What follows are my 5 favourite shows which I loved last season, and 5 of the shows which I hated watching last season.
The show had a following already, people who liked/loved the movies. I had watched Psycho, and knew bits and pieces about it, during the time the show came out, Hitchcock came out in the cinema over here, and it reminded me that I quite dug the movie, so I decided to give the TV show reboot a go. The show was brought into modern day, yet it still had that old school feel to it, just from the general mise en scene about it, so much so that it was a little jarring at times when modern day devices were used by the characters. But the basic premise of the film was there, the mother/son relationship between Norman and Norma. A mother who uses guilt in order to keep her son in line, and a son who just wants to have a connection with a girl who isn’t his mother. The show also brought into the mythology the fact that the town that they move to isn’t just a town, but there is something else seedy and underhanded about it, it added that little bit more intrigue to it. But ultimately it is the relationship between the “protagonists” which drives the show, and something which the actors and the writers have hit the nail on the head with
I hadn’t heard anything about the show previously, and only really started watching it because it was paired with Doctor Who, after the pilot I wasn’t hooked, but I was intrigued to say the least, but as the episode went on, I just found myself more absorbed into the protagonist’s world, and before I knew it, it was weekly viewing for me. The actress in the show got better and better as the show went on. The show being about clones meant she had to take on many different characters, but then she started acting as characters who were acting as other characters, and you could still know and see who she was. The show really made you feel paranoid about who to trust, which put you in the shoes of the protagonist, and made you question everyone who wasn’t her.

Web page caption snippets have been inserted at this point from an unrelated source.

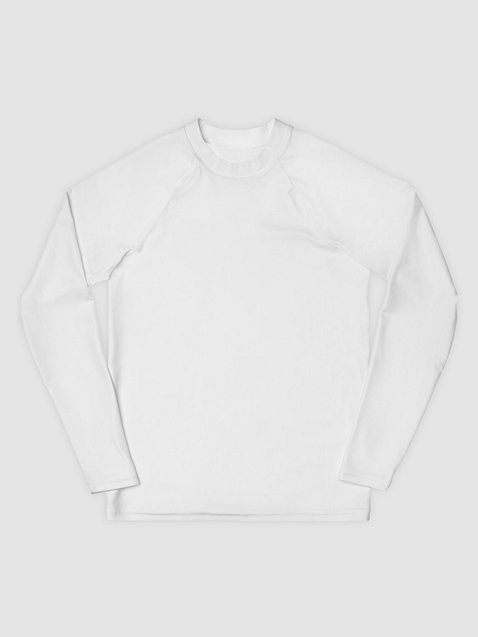 Photo showing All-Over Print Youth Rash Guard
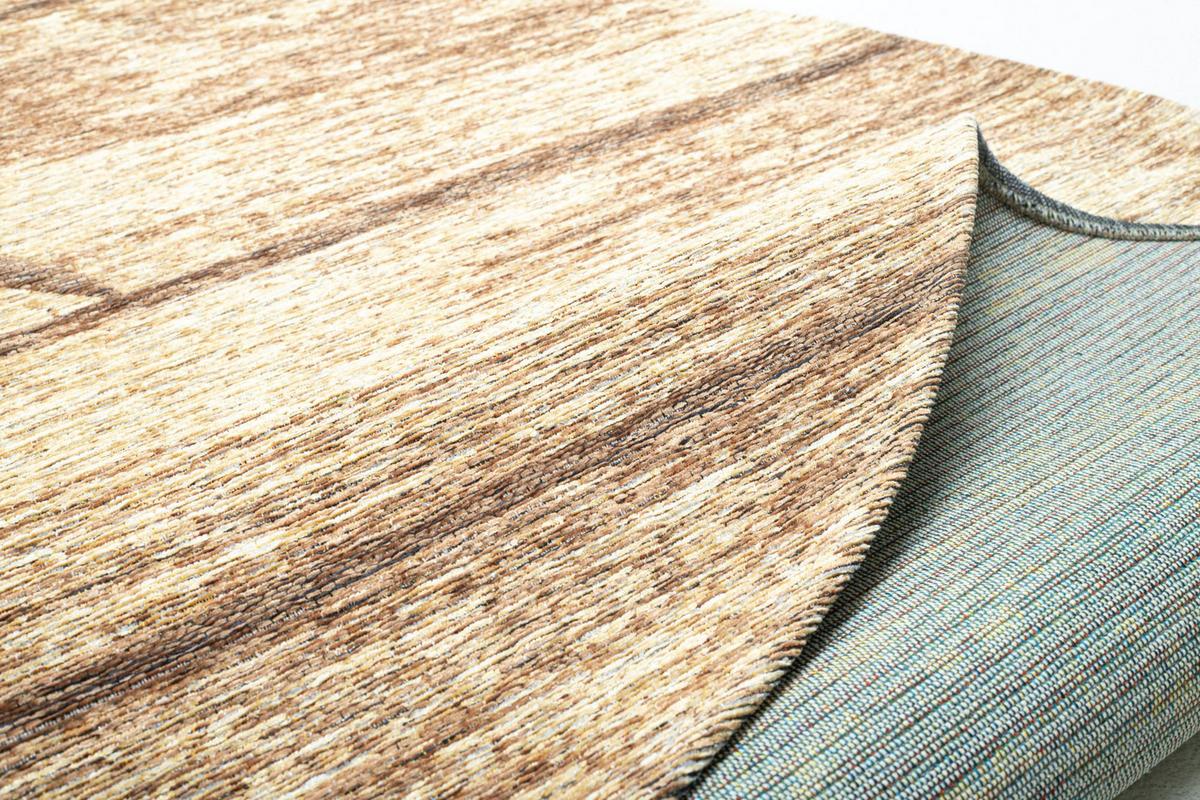 FLACHWEBTEPPICH Keitum 160x160 cm - Braun, Textil (160/160cm) - Sansibar SYLT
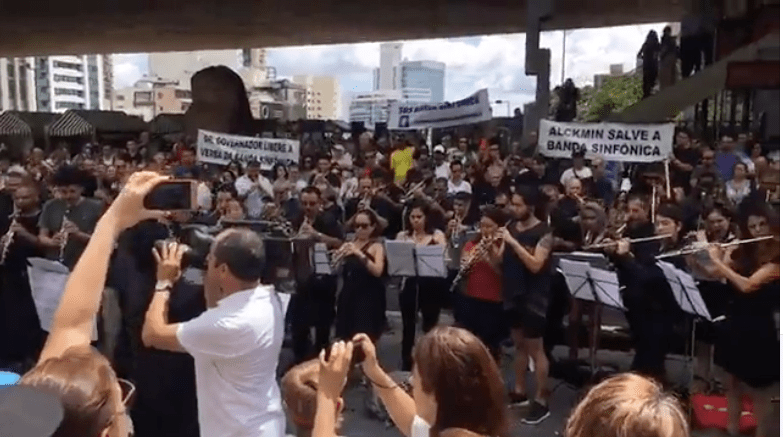 Músicos da Banda Sinfônica organizam novo protesto no domingo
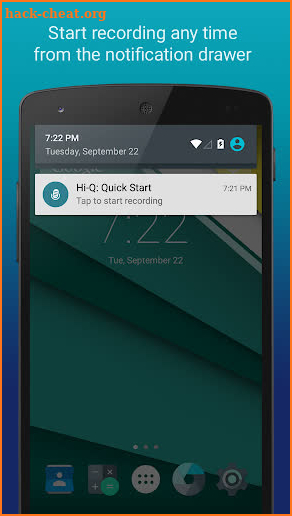 Hi-Q MP3 Voice Recorder (Free) screenshot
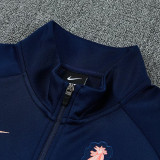 26/27 France Royal Blue Retro Jacket Tracksuit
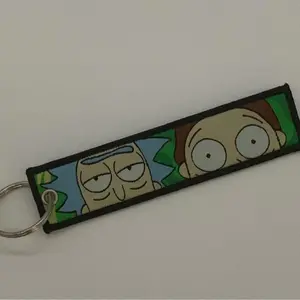 Anime Manga Inspired Dual-Sided Key Tag Key Chain Jet Tag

The thing about the Americans, is that it made you feel sympathetic towards “the enemy”. Set during the Cold War period of the 1980s, we follow two “sleeper agents” in America. What I liked about it, was that it was an espionage drama, but at its heart, it was about the two leads starting to fall in love with each other. It was strange, they had been paired all this time, but had only been people living together, living a lie, but as the show went on, we could see a change in them, and the role reversal of the leads, with the man being the more empathic one, and the woman being the hard working emotionless one. The thing about the Americans and Bates Motel, is that we already know what happened, but watching these shows with hindsight, it’s always good to see a different take on it, or show what motivates this characters into what will eventually happen.
Gotta say, the pilot for this show wasn’t very good, but as it went on, the show found it’s voice. It’s basically a show about human interaction, and shows how we take the little things for granted. From the point of view of Aliens, who point out how we can trivialise the most basic of things. The show started to really find its voice as it went on, and in my eyes became the sleeper hit of last year. It was a show which most people thought would be cancelled fairly early, but it didn’t, not only did it make all the way past mid season, but it finished its run and even got a second season. Something else which I liked about the show, was that it didn’t feel “Hollywood” in a sense, the actors were just normal looking people, and not like something straight off the beach in LA. They were normal looking people who were relatable, something which I think is missing from most shows these days.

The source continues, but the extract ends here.